Source information Start Marker
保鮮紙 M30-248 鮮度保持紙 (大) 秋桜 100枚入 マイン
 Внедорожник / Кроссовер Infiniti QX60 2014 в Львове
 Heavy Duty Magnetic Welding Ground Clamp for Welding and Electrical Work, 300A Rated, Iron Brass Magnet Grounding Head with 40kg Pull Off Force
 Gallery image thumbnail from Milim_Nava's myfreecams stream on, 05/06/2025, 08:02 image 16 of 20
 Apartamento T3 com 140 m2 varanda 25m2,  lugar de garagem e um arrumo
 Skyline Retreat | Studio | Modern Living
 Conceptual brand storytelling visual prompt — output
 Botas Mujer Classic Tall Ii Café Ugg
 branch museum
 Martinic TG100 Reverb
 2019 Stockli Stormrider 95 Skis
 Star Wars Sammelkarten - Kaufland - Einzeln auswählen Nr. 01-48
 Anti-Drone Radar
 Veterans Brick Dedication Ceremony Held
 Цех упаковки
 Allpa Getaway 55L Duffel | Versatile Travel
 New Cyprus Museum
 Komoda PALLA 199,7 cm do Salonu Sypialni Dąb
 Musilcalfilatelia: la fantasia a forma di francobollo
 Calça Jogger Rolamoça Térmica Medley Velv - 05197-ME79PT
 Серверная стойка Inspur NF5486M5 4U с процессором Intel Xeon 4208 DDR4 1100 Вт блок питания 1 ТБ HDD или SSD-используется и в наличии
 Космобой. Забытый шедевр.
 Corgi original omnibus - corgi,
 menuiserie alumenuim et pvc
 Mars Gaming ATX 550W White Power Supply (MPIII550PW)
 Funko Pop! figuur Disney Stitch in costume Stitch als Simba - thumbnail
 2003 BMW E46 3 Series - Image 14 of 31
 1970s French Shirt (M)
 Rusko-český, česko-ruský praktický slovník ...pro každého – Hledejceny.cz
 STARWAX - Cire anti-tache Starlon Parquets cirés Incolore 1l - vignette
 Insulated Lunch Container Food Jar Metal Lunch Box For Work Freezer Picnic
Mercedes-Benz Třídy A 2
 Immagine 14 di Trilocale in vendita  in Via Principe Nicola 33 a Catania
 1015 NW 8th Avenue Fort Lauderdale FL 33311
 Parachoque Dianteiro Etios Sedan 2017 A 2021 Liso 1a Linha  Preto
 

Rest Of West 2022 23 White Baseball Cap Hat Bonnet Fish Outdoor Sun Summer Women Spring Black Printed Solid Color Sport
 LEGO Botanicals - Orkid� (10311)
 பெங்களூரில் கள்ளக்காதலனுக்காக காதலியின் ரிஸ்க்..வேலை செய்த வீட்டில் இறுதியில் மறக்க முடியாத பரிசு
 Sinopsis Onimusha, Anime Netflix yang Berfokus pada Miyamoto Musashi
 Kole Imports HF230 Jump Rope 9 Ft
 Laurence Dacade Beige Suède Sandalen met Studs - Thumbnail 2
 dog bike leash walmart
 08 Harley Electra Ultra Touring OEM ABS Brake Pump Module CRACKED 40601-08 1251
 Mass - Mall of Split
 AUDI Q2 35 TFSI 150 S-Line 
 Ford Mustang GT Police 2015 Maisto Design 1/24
Source information End Marker
[What needs to be done]:
If a line falls between the first line of the records and the line containing "Laurence Dacade Beige", inclusive, repeat it exactly; leave out all others.

[Completed task]:
保鮮紙 M30-248 鮮度保持紙 (大) 秋桜 100枚入 マイン
 Внедорожник / Кроссовер Infiniti QX60 2014 в Львове
 Heavy Duty Magnetic Welding Ground Clamp for Welding and Electrical Work, 300A Rated, Iron Brass Magnet Grounding Head with 40kg Pull Off Force
 Gallery image thumbnail from Milim_Nava's myfreecams stream on, 05/06/2025, 08:02 image 16 of 20
 Apartamento T3 com 140 m2 varanda 25m2,  lugar de garagem e um arrumo
 Skyline Retreat | Studio | Modern Living
 Conceptual brand storytelling visual prompt — output
 Botas Mujer Classic Tall Ii Café Ugg
 branch museum
 Martinic TG100 Reverb
 2019 Stockli Stormrider 95 Skis
 Star Wars Sammelkarten - Kaufland - Einzeln auswählen Nr. 01-48
 Anti-Drone Radar
 Veterans Brick Dedication Ceremony Held
 Цех упаковки
 Allpa Getaway 55L Duffel | Versatile Travel
 New Cyprus Museum
 Komoda PALLA 199,7 cm do Salonu Sypialni Dąb
 Musilcalfilatelia: la fantasia a forma di francobollo
 Calça Jogger Rolamoça Térmica Medley Velv - 05197-ME79PT
 Серверная стойка Inspur NF5486M5 4U с процессором Intel Xeon 4208 DDR4 1100 Вт блок питания 1 ТБ HDD или SSD-используется и в наличии
 Космобой. Забытый шедевр.
 Corgi original omnibus - corgi,
 menuiserie alumenuim et pvc
 Mars Gaming ATX 550W White Power Supply (MPIII550PW)
 Funko Pop! figuur Disney Stitch in costume Stitch als Simba - thumbnail
 2003 BMW E46 3 Series - Image 14 of 31
 1970s French Shirt (M)
 Rusko-český, česko-ruský praktický slovník ...pro každého – Hledejceny.cz
 STARWAX - Cire anti-tache Starlon Parquets cirés Incolore 1l - vignette
 Insulated Lunch Container Food Jar Metal Lunch Box For Work Freezer Picnic
Mercedes-Benz Třídy A 2
 Immagine 14 di Trilocale in vendita  in Via Principe Nicola 33 a Catania
 1015 NW 8th Avenue Fort Lauderdale FL 33311
 Parachoque Dianteiro Etios Sedan 2017 A 2021 Liso 1a Linha  Preto
 

Rest Of West 2022 23 White Baseball Cap Hat Bonnet Fish Outdoor Sun Summer Women Spring Black Printed Solid Color Sport
 LEGO Botanicals - Orkid� (10311)
 பெங்களூரில் கள்ளக்காதலனுக்காக காதலியின் ரிஸ்க்..வேலை செய்த வீட்டில் இறுதியில் மறக்க முடியாத பரிசு
 Sinopsis Onimusha, Anime Netflix yang Berfokus pada Miyamoto Musashi
 Kole Imports HF230 Jump Rope 9 Ft
 Laurence Dacade Beige Suède Sandalen met Studs - Thumbnail 2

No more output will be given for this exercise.